NANCY: THE STORY OF LADY ASTOR
By Adrian Fort
St. Martin’s Press, 400 pages, $25.99, illustrated
The life of the woman born Nancy Langhorne in Virginia in 1879 and died as Viscountess Astor in England in 1964 is the stuff of a glitzy romance novel of the kind made famous by Judith Krantz. Rich, spirited, Southern belle marries polo-playing Yankee socialite and soon leaves him after finding him a drunken brute. As a beautiful wealthy divorcee, she goes to England, where she falls in love with a rich aristocrat and, after becoming disillusioned with him, marries an even richer one, Waldorf Astor. When he succeeds to his father’s peerage and thus becomes ineligible to sit in the House of Commons, she is elected to his seat and becomes the first woman to sit in the British Parliament. Yet, as Oxford-educated biographer Adrian Fort shows in his biography, such novelistic grist — and a whole lot more — was the reality of this trans-Atlantic force of nature.
Lady Astor might seem like a dream subject for a biographer — and in some ways she is — but she also poses some major problems.

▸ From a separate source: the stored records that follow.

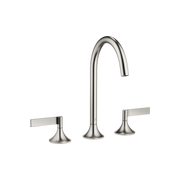 Dornbracht - WT-3-Lochbatt. m. Ablaufgarn. VAIA 20713819 platin gebürstet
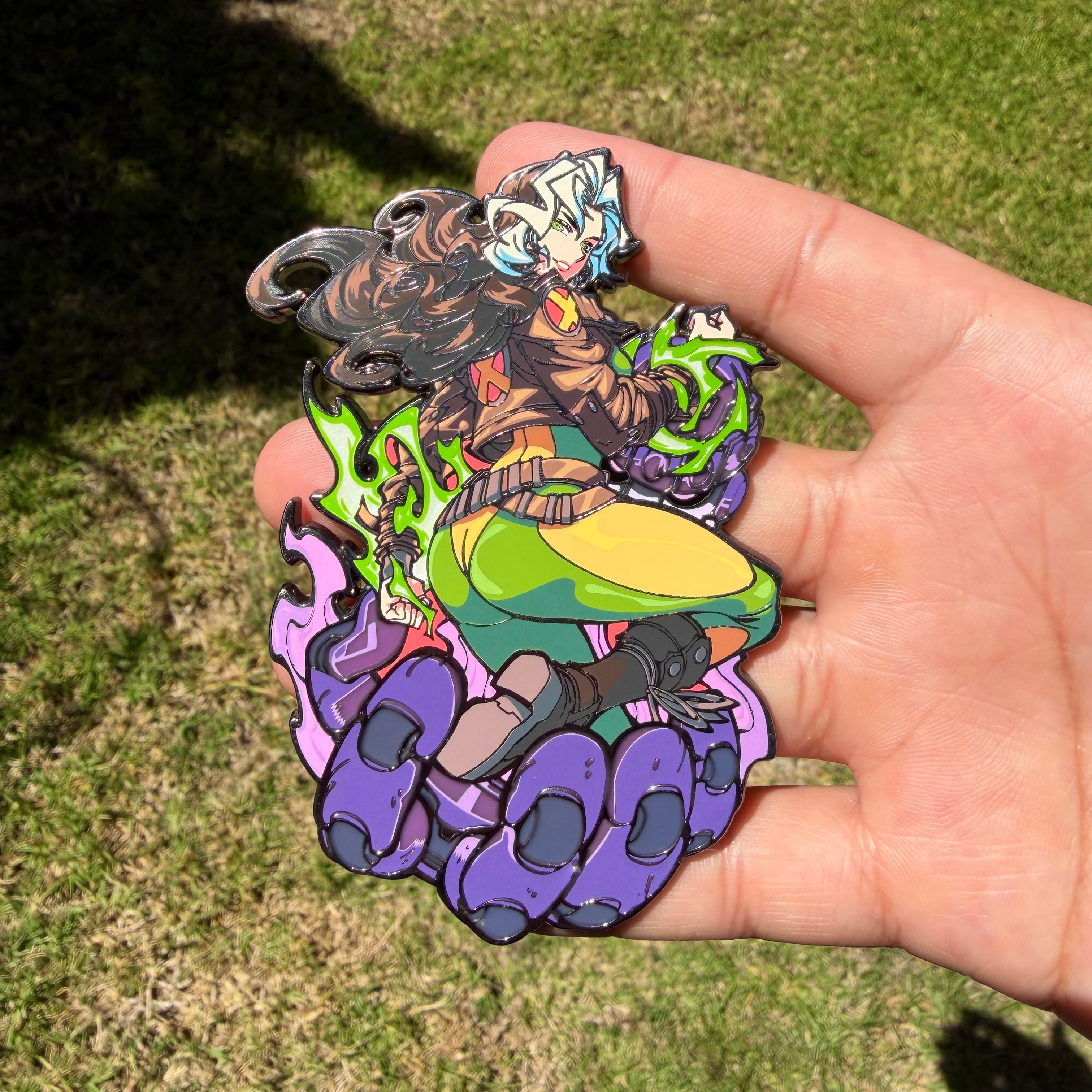Rivals Rogue Pin (Extras)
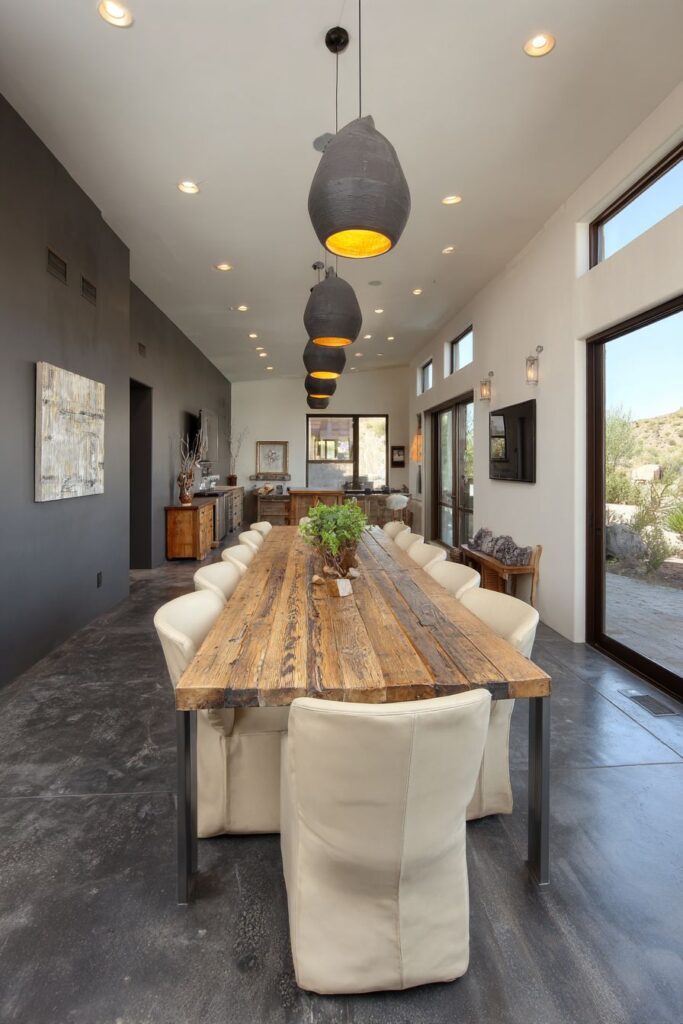 Long Table Entertaining Excellence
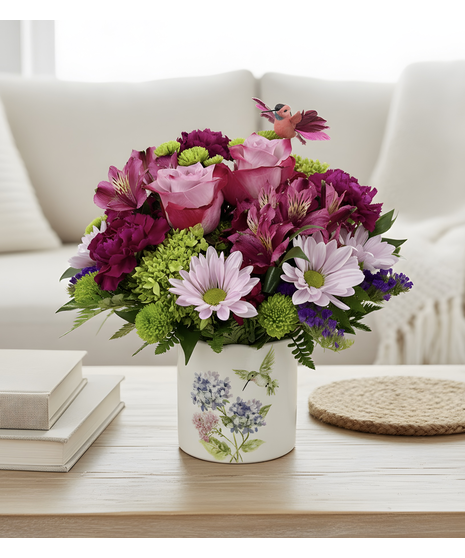 Hummingbird Garden Bouquet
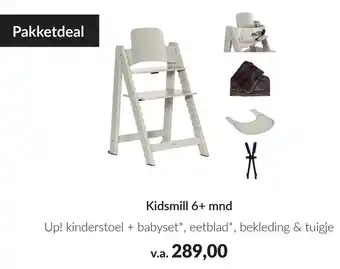 Babypark Kidsmill 6+ mnd aanbieding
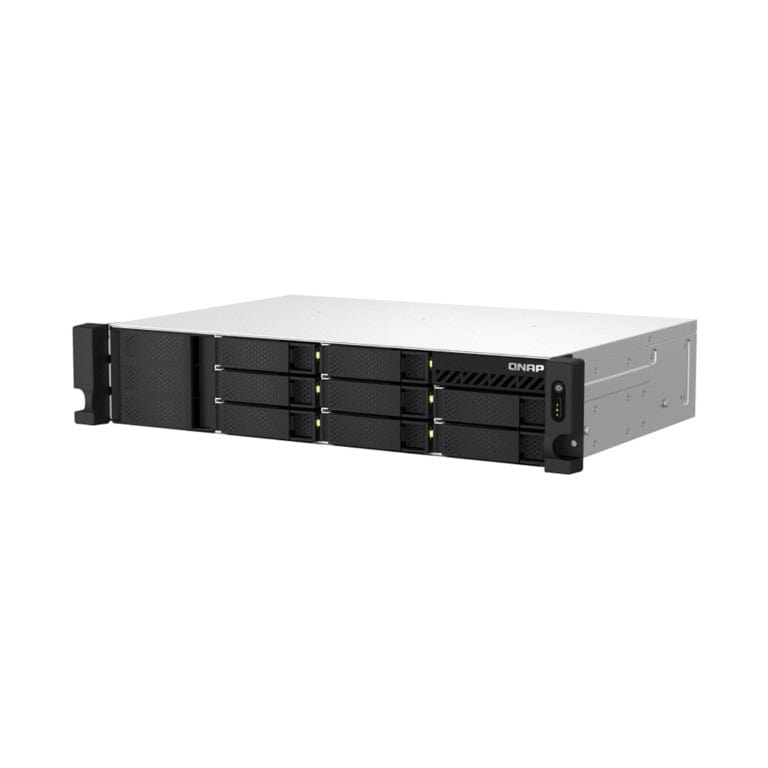 QNAP TS-873AEU-RP-4G AMD Ryzen V1500B 8-bay 2U Rack NAS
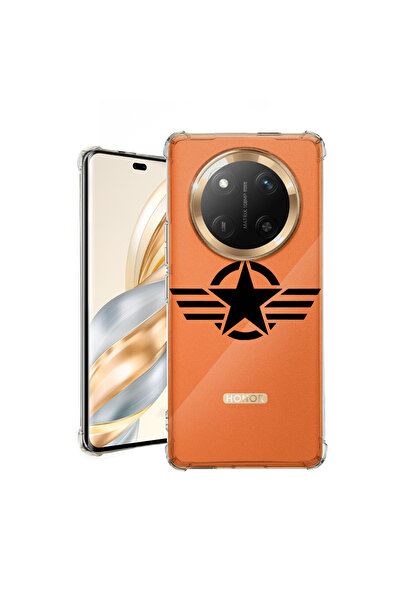 bestcase Carcasă spate antișoc pentru Honor Magic7 Lite, Steaua Armatei SUA, ...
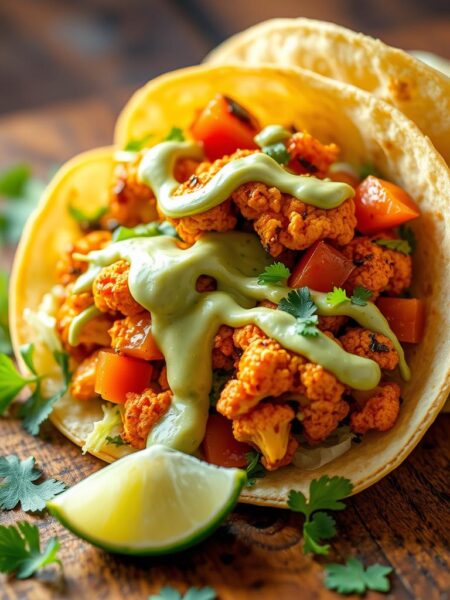 vegetarian breakfast taco recipes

Just as she was a handful for those around her, from her husbands and children to her parliamentary colleagues, she makes it hard for someone writing about her to find the right tone. Her eccentricities, abrasiveness and downright rudeness, vocal bigotry against Roman Catholics and Jews, general intolerance, and at times, questionable political judgment that led her to become a symbol of appeasing the Nazis in the late 1930s complicate matters. These traits and actions make it easy for a biography to turn into an indictment, if not an outright condemnation.
Yet she possessed good qualities as well. Honesty, loyalty, a capacity for friendship for all sorts of people from youngsters to George Bernard Shaw, an intolerance for hypocrisy and an aversion to cant. Tenacity, grit, determination, spiritedness and courage were all necessary to triumph over the prejudice, expressed in ways petty and serious, that she encountered in the House of Commons, where she sat, always in a tiny minority of women, for more than a quarter-century. For the most part, Mr. Fort adopts a detached, neutral tone, preferring to present Lady Astor as she was, allowing readers to form their own judgments. This generally serves him — and them — well.
Sometimes this approach falters, however. It is arguably easy for a biographer who must possess a certain measure of sympathy for all but the most heinous subject to fall into the trap of special pleading or, worse, becoming an apologist. It is perfectly legitimate to provide evidence of Lady Astor acting contrary to what might have been expected:
“At the request of the Prime Minister [in 1943], her guests included the first black American general, whom Winston Churchill [generally speaking no admirer of Lady Astor’s] wanted to ensure was entertained just like any guest.”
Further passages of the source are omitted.